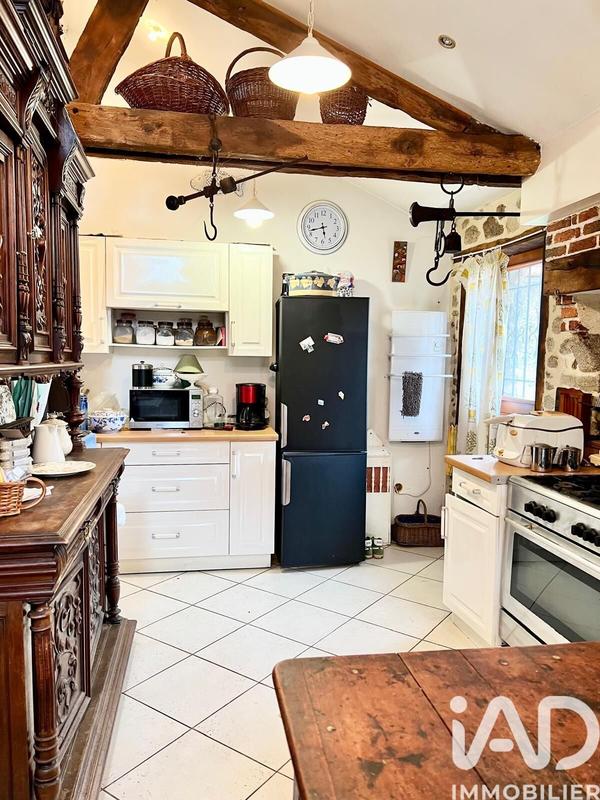 Maison - 208 m² - 9 pièces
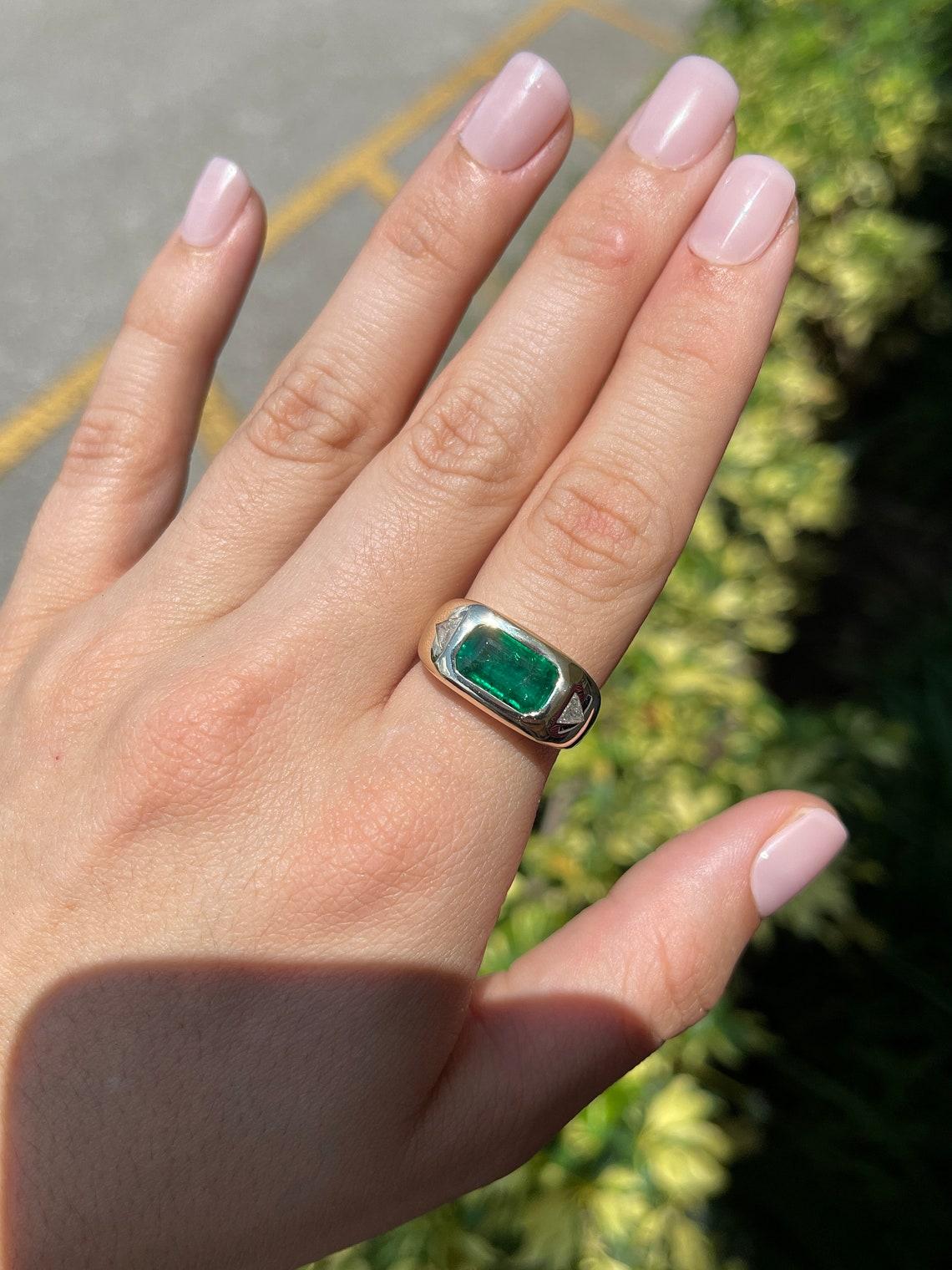 Women's 14K Gold 3.75tcw Rich Forest Green Emerald & Trillion Diamond Three Stone Ring For Sale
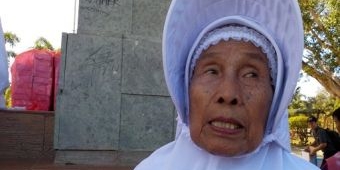 Usia Senja Tak Surutkan Niat Nenek Istiyah Pergi Berhaji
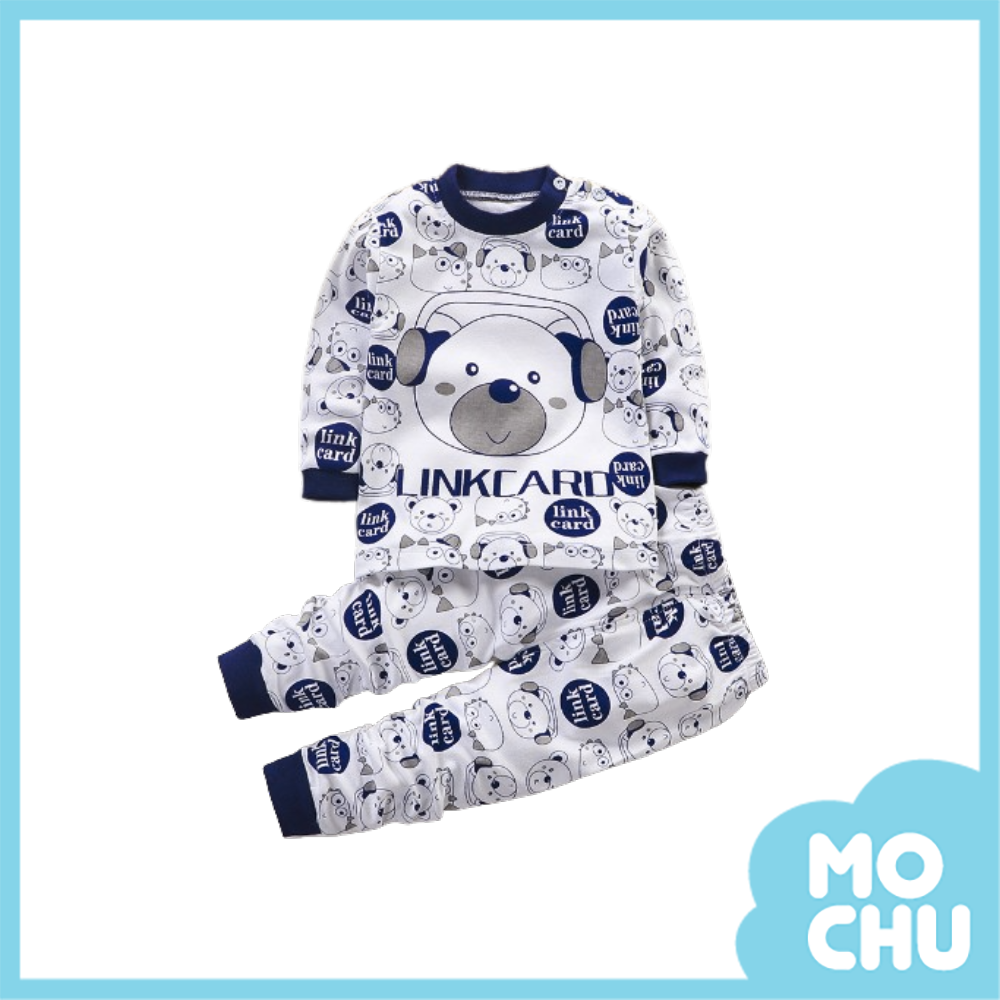 帶耳機的白熊家居服套裝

**Exercise description**
Write out an exact reproduction of the lines from the line that holds "Usia Senja Tak" to the bottom of the listing above, both ends included. Exclude pictures.

**Result for this task**
 Usia Senja Tak Surutkan Niat Nenek Istiyah Pergi Berhaji
 帶耳機的白熊家居服套裝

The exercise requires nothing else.